A mãe conta que ela e o ex-marido, Gildean Silva Panik, 50 anos, o MC Panikinho, pai de Guilherme, sempre inseriram o filho na luta dos movimentos sociais. Nos anos de 2011 e 2012, Guilherme participou ativamente das campanhas “Eu africanizo São Paulo” e “Eu pareço suspeito?”. O último propôs debate sobre o racismo institucional e como a violência racial torna negros e pobres suspeitos potenciais em abordagens policiais.
O DJ também atuou em projetos de arte educação como o Escola de Hip-Hop Itinerante, que promoveu aulas em escolas públicas de Guarulhos e em unidades do Sesc São Paulo. Contemplado com o edital do Programa para a Valorização de Iniciativas Culturais, Guilherme criou o desenvolveu o projeto VIBE SOUND (CT 012), voltado à música e que tem vídeos das apresentações disponíveis no Youtube.
“Meu filho teve dois projetos sociais aprovados pela prefeitura de São Paulo. Isso tem um peso. Ele é um jovem de 28 anos que nunca foi envolvido com nada, tem uma história de vida, isso também não comprovada nada? Tem endereço fixo, é réu primário. São vários questionamentos que para mim não têm resposta”, critica Luciana.

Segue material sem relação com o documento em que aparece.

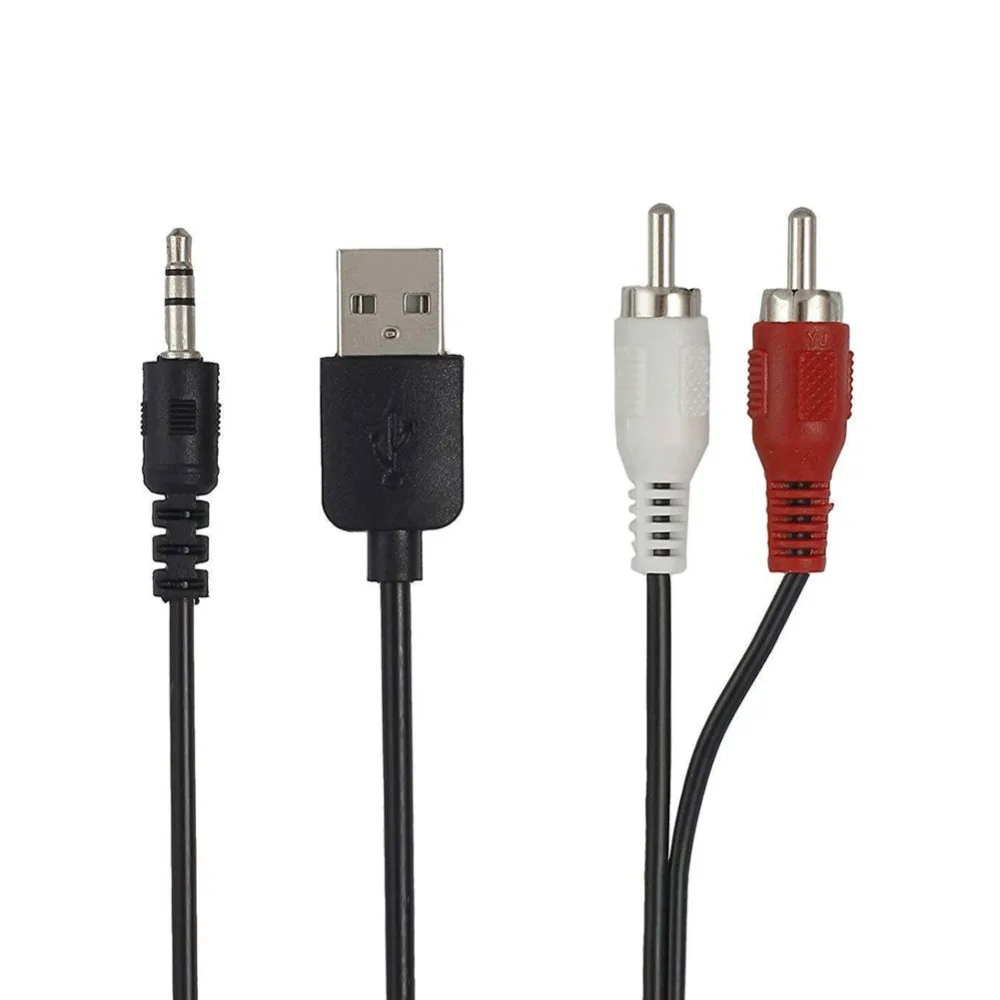 275705_no-logo_275705-1-07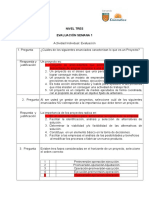 Evaluac (1) .Semana 1 Gener.2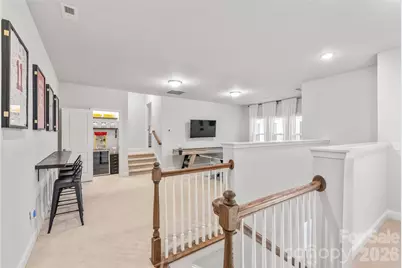 411 Belton Street, Charlotte, NC 28209 - Photo 23
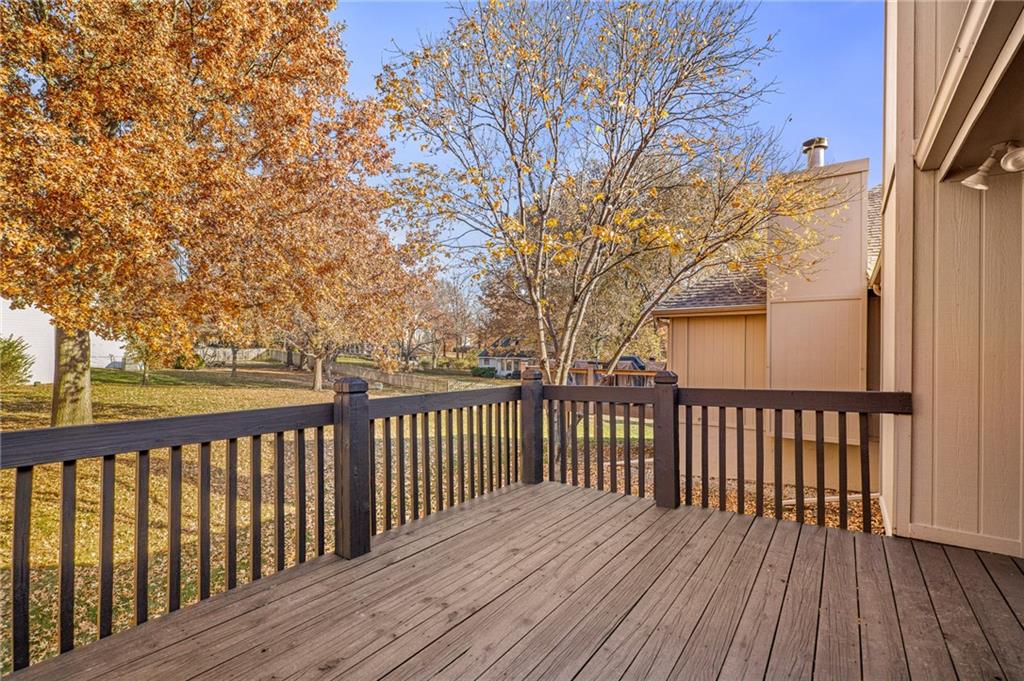 8531 N Chatham Circle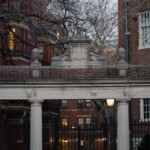 harvard-sues-trump-administration-to-stop-the-freeze-of-more-than-$2-billion-in-grants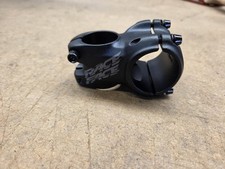 New raceface chester for sale  Newport Beach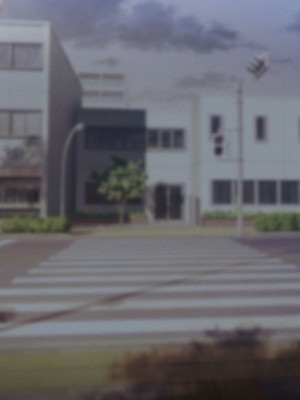 [涙目しずく] 大手銀行のドスケベ裏業務〜女子銀行員達は得意先の重役にヤラレ放題…!!〜 [中国翻訳]_513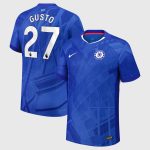 Chelsea Store – Official chelsea-nike-dri-fit-adv-home-match-shirt-2025-26-kids-with-gusto-27-printing_ss5_p-203072499+pv-1+u-ibbd4z8hhdvsjvocfcoh+v-k6pqrrph3dj4qg0brhas Chelsea FC Jerseys and Fan Gear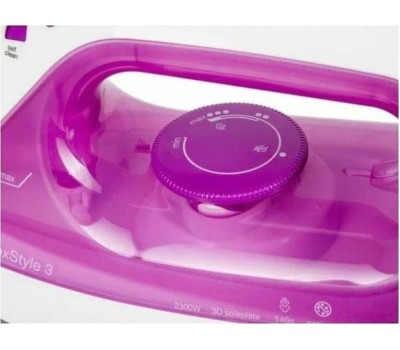 Утюг BRAUN SI3030PU, КИТАЙ	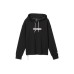 Skechers Sweatshirts Women's Carbon Black 0018, L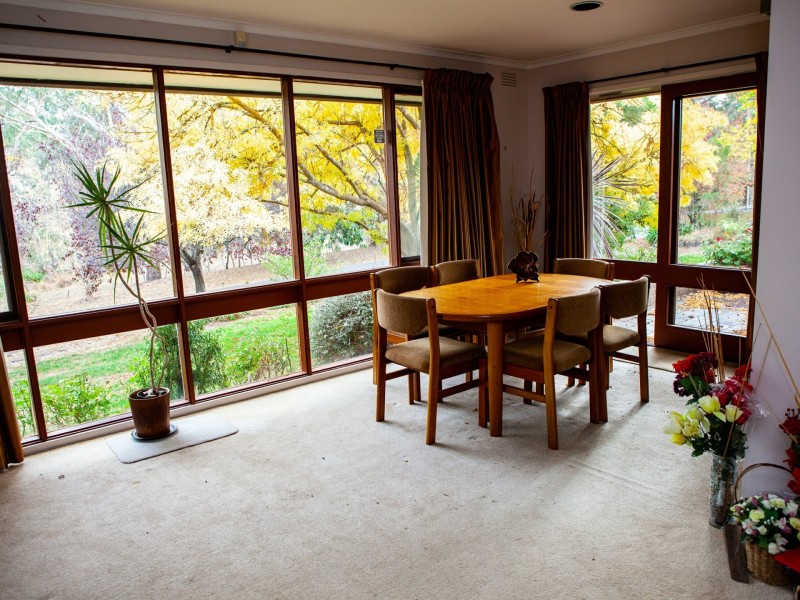 1 Powlett Street, Broadford VIC 3658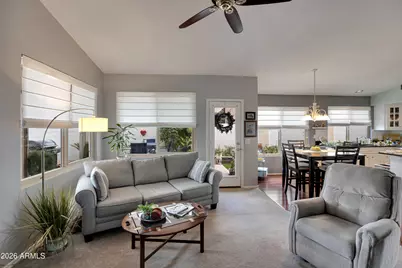 558 E Devon Drive, Gilbert, AZ 85296 - Photo 15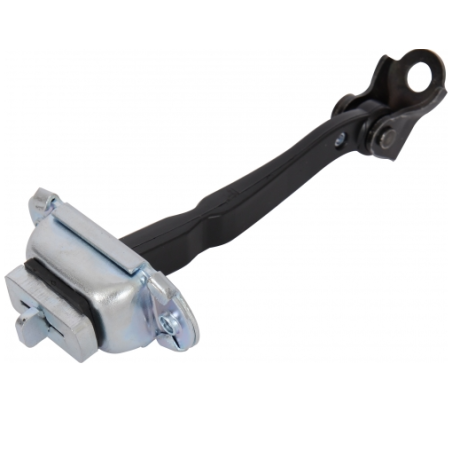 TIRANTE PORTA ANTERIORE DESTROSINISTRO NISSAN QASHQAI J11 20132017      , NISSAN QASHQAI J11 20172021      , RENAULT KADJAR HAH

MC ligado ao hip-hop há 30 anos e pesquisador cultural, Gildean Silva Panik, também destaca a atuação artística do filho. “Assim como MC Dede, meu filho também sempre esteve envolvido com a com essa dinâmica da arte, por conta dessa relação que eu tenho. Eu sou MC de hip-hop há praticamente 30 anos”, diz.
O MC diz reforça que o filho sempre participou das atividades no bairro em que mora desde os 8 anos. Conta que o jovem tocou em adegas é conhecido pelos moradores. Um abaixo-assinado foi feito pelo pai para mostrar o apoio que o jovem tem. Até a publicação do texto, mais de 900 pessoas já assinaram a petição que exige a liberdade do músico.
“A gente sabe que onde eles moraram, na Cidade Tiradentes, existem pontos de vendas de drogas. Isso é uma coisa muito comum nas quebradas. A relação que a polícia também tem com esses lugares todo mundo sabe como é”, fala Gildean.
O que diz o Estado
A Ponte procurou a Secretaria da Segurança Pública de São Paulo, o Ministério Público do Estado de São Paulo e o Tribunal de Justiça solicitando entrevistas com os responsáveis pelo caso de Guilherme em cada órgão e também apontando os questionamentos apresentados sobre o caso.
Em nota enviada pela assessoria de imprensa, o MPSP respondeu que a atual promotora do caso, Adriana Paiva, não concede entrevistas pelo fato do processo ainda estar em andamento.
“O processo continua em andamento, devido a isso a promotora de Justiça Adriana Paiva que atualmente está no cargo não concede entrevistas sobre o assunto”, escreveu o MPSP via e-mai.
Os demais órgãos não se manifestaram. O espaço segue aberto.
*Matéria atualizada às 17h30min do dia 16 de outubro para incluir a nota do MPSP.
Correções
- A primeira versão do texto dizia que a família de Guilherme sabia que ele estava indo comprar drogas. A informação foi corrigida no dia 16 de outubro de 2023 às 12h.
- O texto original dizia que o pai de Guilherme era DJ. A reportagem foi alterada na quarta-feira (18/10) às 13h30min.